Data records -

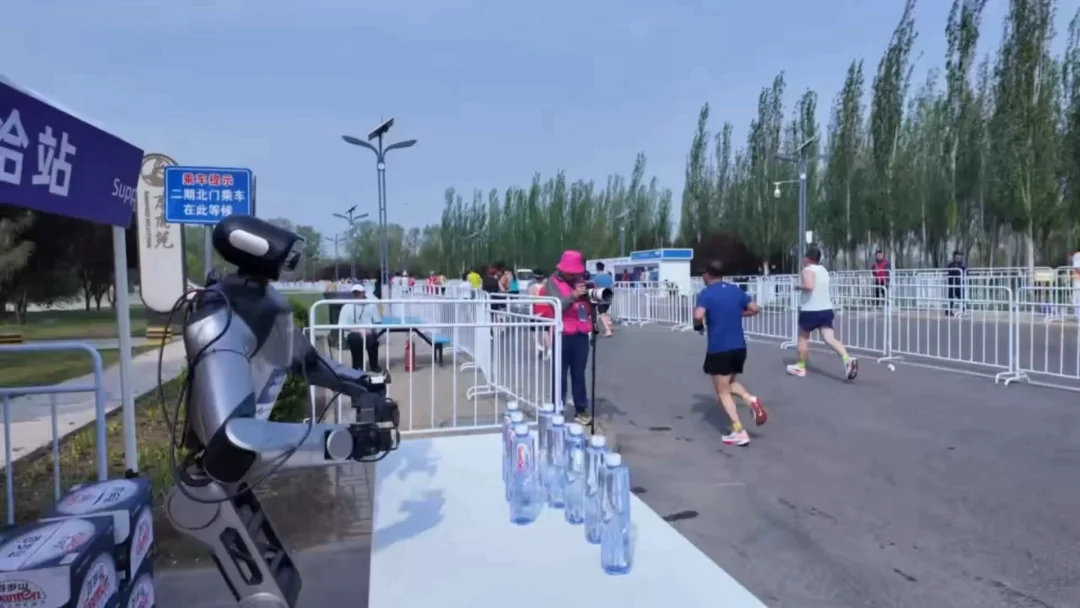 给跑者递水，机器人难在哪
* * *
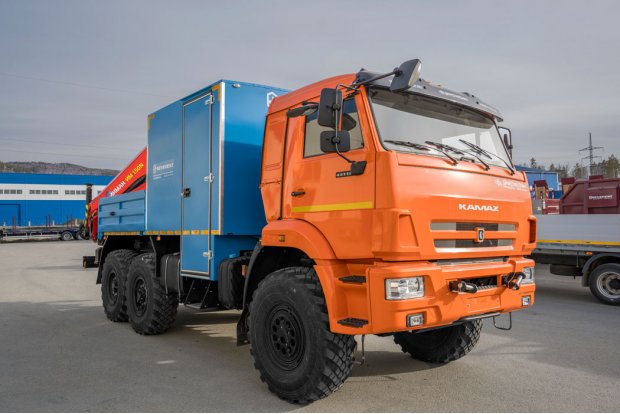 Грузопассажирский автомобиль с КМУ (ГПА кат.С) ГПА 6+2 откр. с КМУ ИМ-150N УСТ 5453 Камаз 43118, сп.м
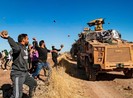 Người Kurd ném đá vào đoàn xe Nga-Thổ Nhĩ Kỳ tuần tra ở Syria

Requirement -
Since the pictures are not part of the copy, please transcribe only the lines above from the one with "Грузопассажирский автомобиль с" through the one with "Người Kurd ném", exactly and with both ends.

Worked solution -
 Грузопассажирский автомобиль с КМУ (ГПА кат.С) ГПА 6+2 откр. с КМУ ИМ-150N УСТ 5453 Камаз 43118, сп.м
 Người Kurd ném đá vào đoàn xe Nga-Thổ Nhĩ Kỳ tuần tra ở Syria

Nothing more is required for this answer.